Jen Harrison with Lakeland acknowledges that — but says it shouldn't take more than a few days to get essential care.

"The state of Wisconsin, the Department of Health Services, really count on us as their contractor to have adequacy," Harrison said. "And even though we all know there are shortages right now, it shouldn't matter what the geographic span is.

Mitch says trying another provider after waiting this long feels like a gamble.

So it's unclear what's next between Hannah and Lakeland.
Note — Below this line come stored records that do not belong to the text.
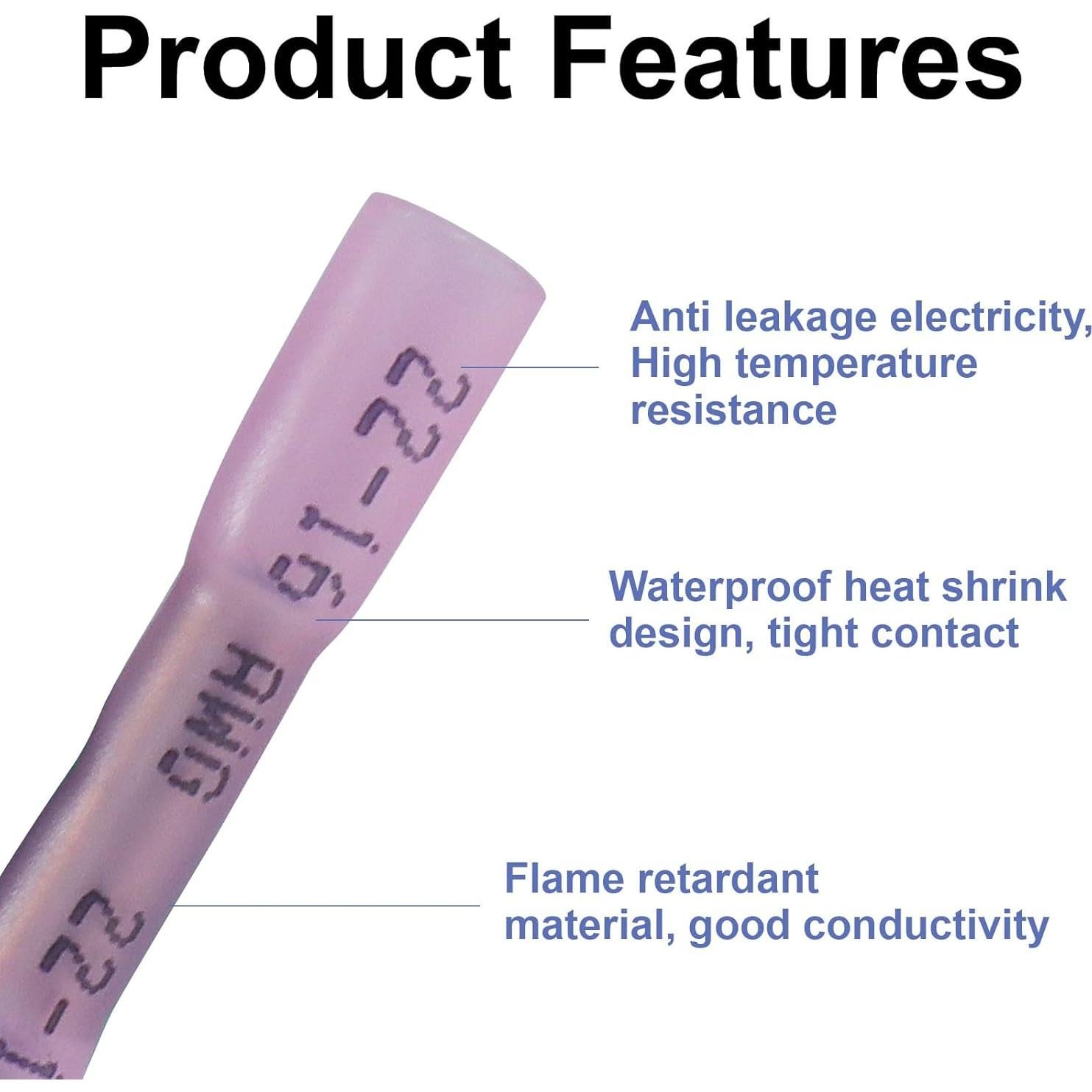 Conectores de Empalme Termocontraíbles Murtenze 22-16 AWG 100 Pcs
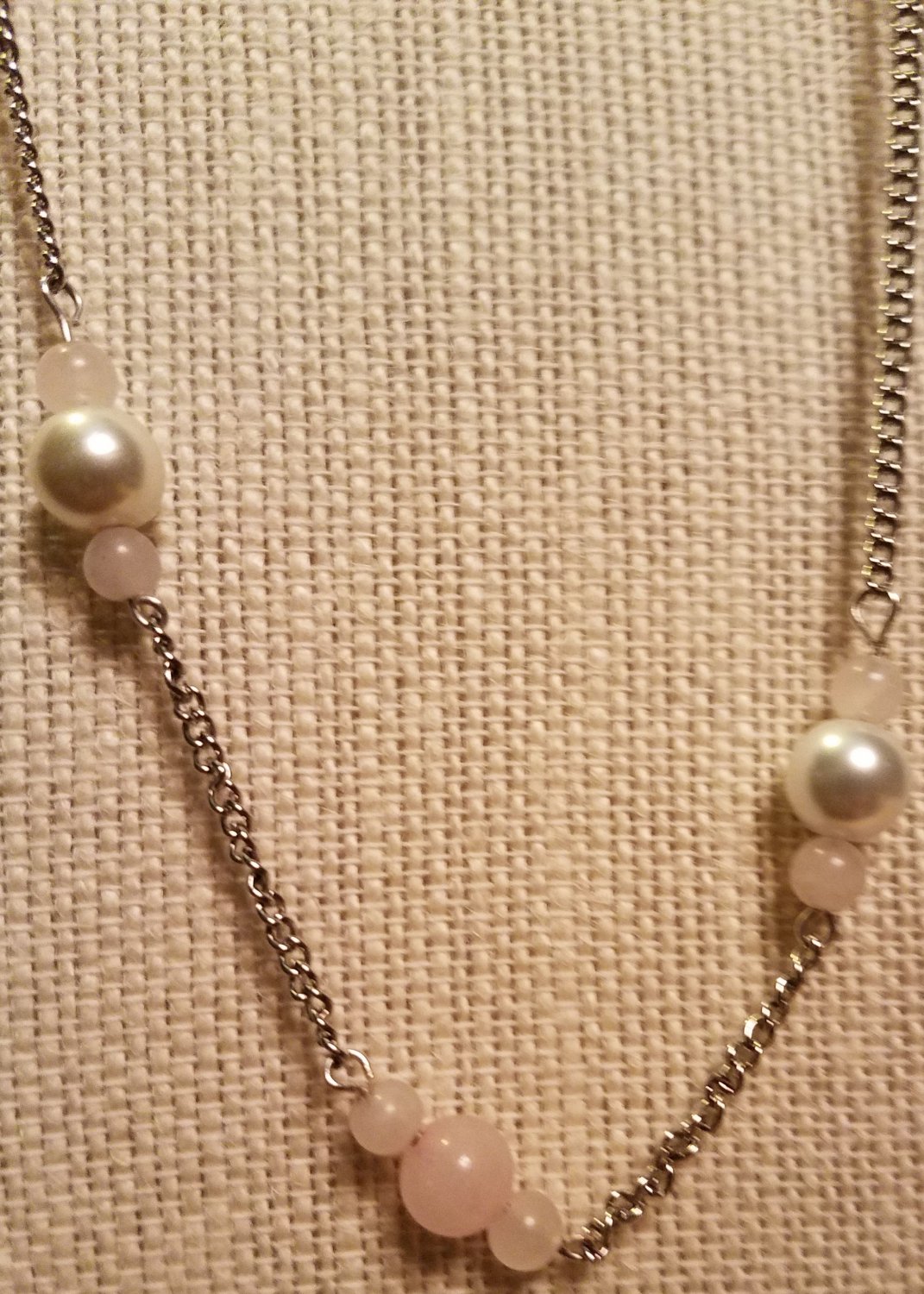Rose Quartz & Glass Pearls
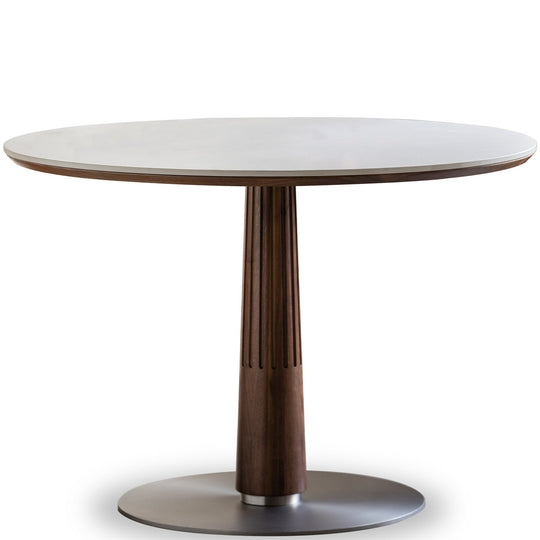 Japandi Walnut Wood Sintered Stone Round Dining Table GREY
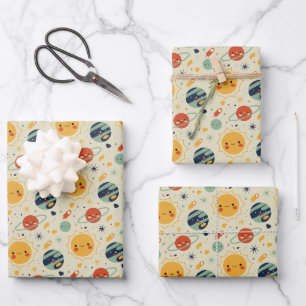 Cute Kawaii Solar System Planets Pattern Wrapping Paper Sheet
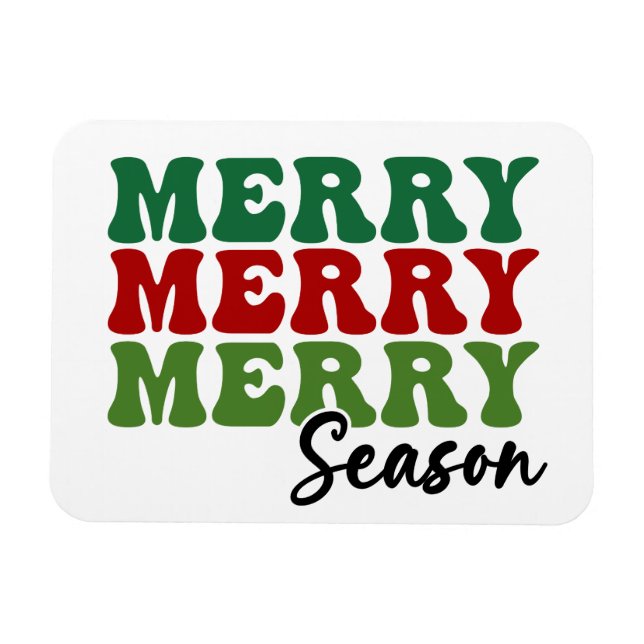Merry Merry Merry Season - Retro Holiday Art Magnet (Horizontal)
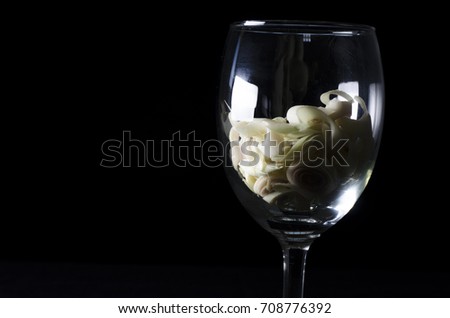 lemongrass in wine glass still life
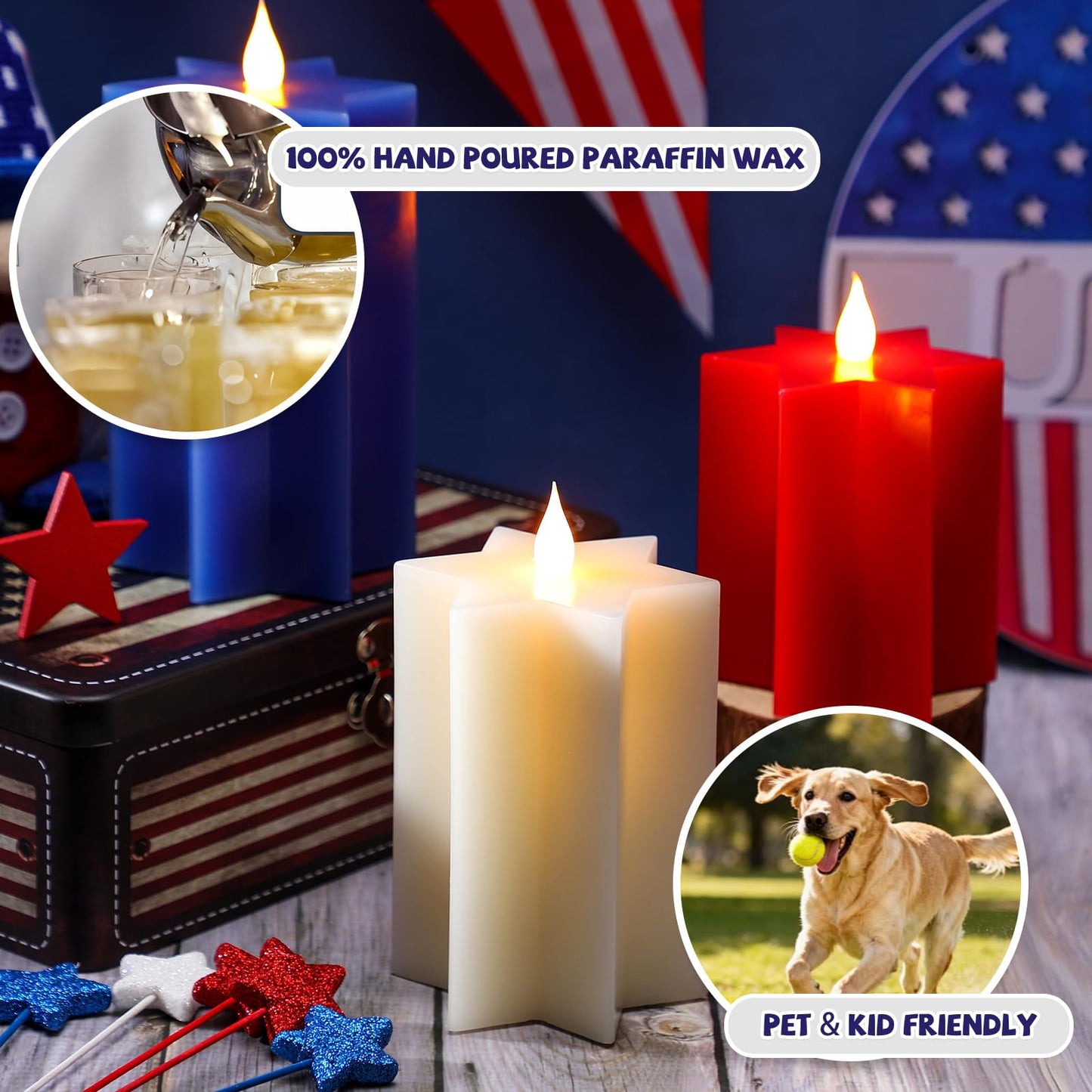 LCZLUMIPRO 3 Pack Star Shaped 4th of July Flameless Candles, Red White and Blue Patriotic Battery Operated LED Candles, Decorative Pillar Candles for Independence Day Home Party Decor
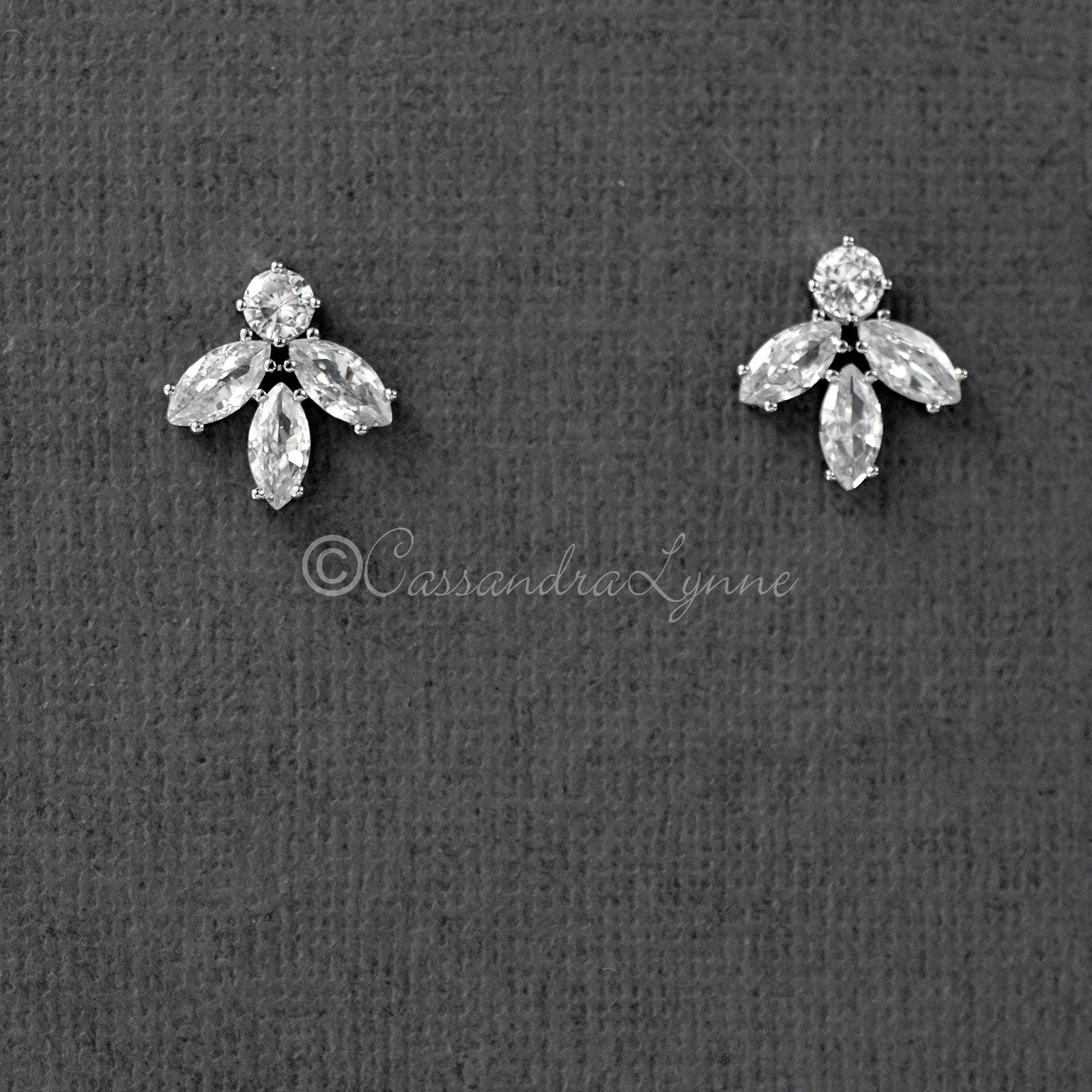 Minimalist Marquise Leaf CZ Stud Earrings - Earrings - Cassandra Lynne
Lakeland would not comment further on their situation.

Mitch says between working a remote, full-time job and taking care of Hannah around the clock — he's exhausted.

"My gas tank's running on 'E', mentally, physically, taking care of her by myself," he said. "When you're told that you're going to get the help and don't get it — I'm running low on gas."

Yet, they still go for walks — and when football season comes around, they head to Lambeau.

"There are days when I'm working where have thought, like, 'I wonder where I would be in my career if this hadn't happened,'" Mitch said. "I tell myself, it's not about me. And I just need to take care of Hannah."

"I'm right here though," he tells Hannah. "I'm right here, Hannah."

If you're struggling to find care, like Mitch and Hannah, the ADRC here in Wisconsin is one place to connect with care agencies.